É por vezes irritante que tudo o que não se compreenda seja classificado defensivamente de pseudo-intelectual. Negar a vastidão e complexidade da arte do cinema é próprio de quem na realidade nunca quis (com toda a legitimidade) aprofundar a sua relação com ele. É, por exemplo, por ser um médium de imagens de familiaridade directa que muitos rejeitam linguagens alternativas ou têm tolerância limitada a ambiguidades. É uma espécie de uma espécie de deformação realista do cinema que leva a que muitos classifiquem de “armado ao pingarelho” tudo o que suscite abstração e reflexão. Algo muito próprio da lógica simples e imediata da era de hegemonia televisiva em que vivemos.

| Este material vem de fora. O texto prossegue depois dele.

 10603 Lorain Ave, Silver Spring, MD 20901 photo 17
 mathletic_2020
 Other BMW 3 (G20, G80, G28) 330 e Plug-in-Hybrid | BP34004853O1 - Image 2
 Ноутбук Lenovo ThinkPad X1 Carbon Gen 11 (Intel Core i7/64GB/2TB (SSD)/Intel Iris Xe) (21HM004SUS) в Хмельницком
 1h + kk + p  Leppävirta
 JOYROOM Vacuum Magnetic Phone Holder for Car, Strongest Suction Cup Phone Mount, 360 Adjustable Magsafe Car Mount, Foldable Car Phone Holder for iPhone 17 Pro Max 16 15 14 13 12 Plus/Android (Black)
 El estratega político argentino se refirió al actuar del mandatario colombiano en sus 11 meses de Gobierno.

Mas isto não significa que a pseudo-intelectualidade não exista. Mas é um conceito subjectivo. Ela existe quando, por exemplo, um filme se tece inteiramente de citações e intertextualidades que excluem da sua leitura a esmagadora maioria dos espectadores e o faz sem um critério pessoal coerente. Sobretudo quando uma determinada referência não é contextualizada ou emane orgânica e honestamente de algo intrínseco ao filme.

Mas pode existir também numa crítica cinematográfica que encripta o seu conteúdo, mesmo que num suplemento cultural de um diário generalista. Para exemplificar fecho o meu curto comentário com a crítica de Vasco Câmara ao filme de Leos Carax “Holly Motors”. Eis o que uma crítica não deveria ser: distante; codificada e alienante (sobretudo narcisista). Lê-la na sua extensão requer informação que o cronista assume como óbvia. Fá-lo deliberadamente para se colocar num patamar superior de conhecimento e para acentuar a assimetria de informação entre ele e o espectador não cinéfilo.

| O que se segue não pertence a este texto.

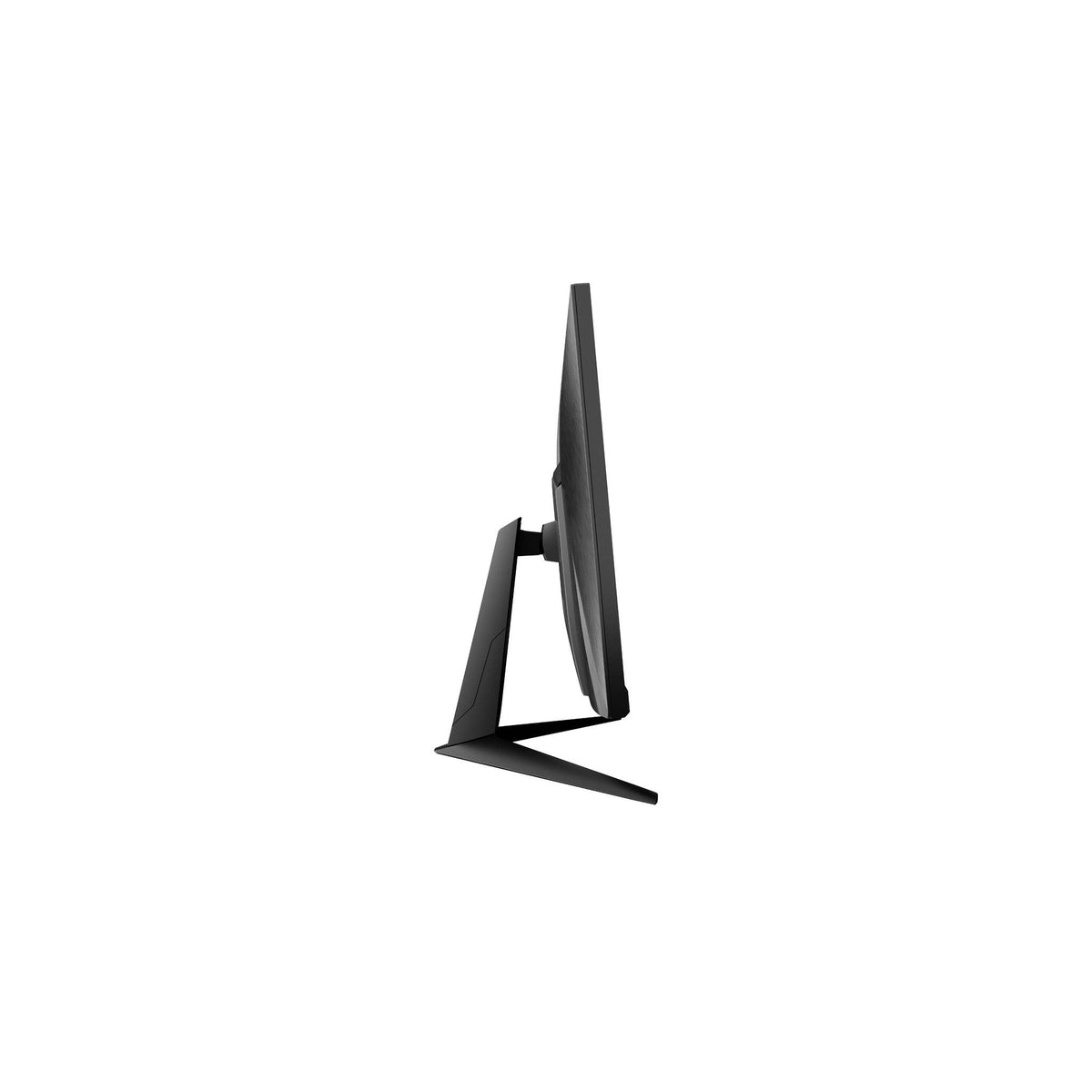 Monitor Gamer MSI G2712F 27 Pulgadas Full HD 180Hz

Deixo-vos com o texto integral e a bold estão alguns exemplos do que seria suposto saber previamente para a sua total compreensão e que facilmente o crítico poderia ter incluído no próprio comentário. Não o fez para não assumir nem criar um terreno comum com o espectador comum –  a minha definição de pseudo-intelectualidade ;)
 
Crítica de Vasco Câmara ao filme “Holly Motors”

“O público? Não sei quem é: um grupo de pessoas que vão morrer daqui a pouco. Não faço filmes públicos, faço filmes privados. Mas convido todos a vê-los”, dizia Leos Carax em Cannes, numa conferência de imprensa em que (se) lembrou de que ali mesmo fora crucificado há anos por causa de Pola X.

. que Pola X foi um seu filme indigesto, feito de ambiguidades e sexualidade incestuosa.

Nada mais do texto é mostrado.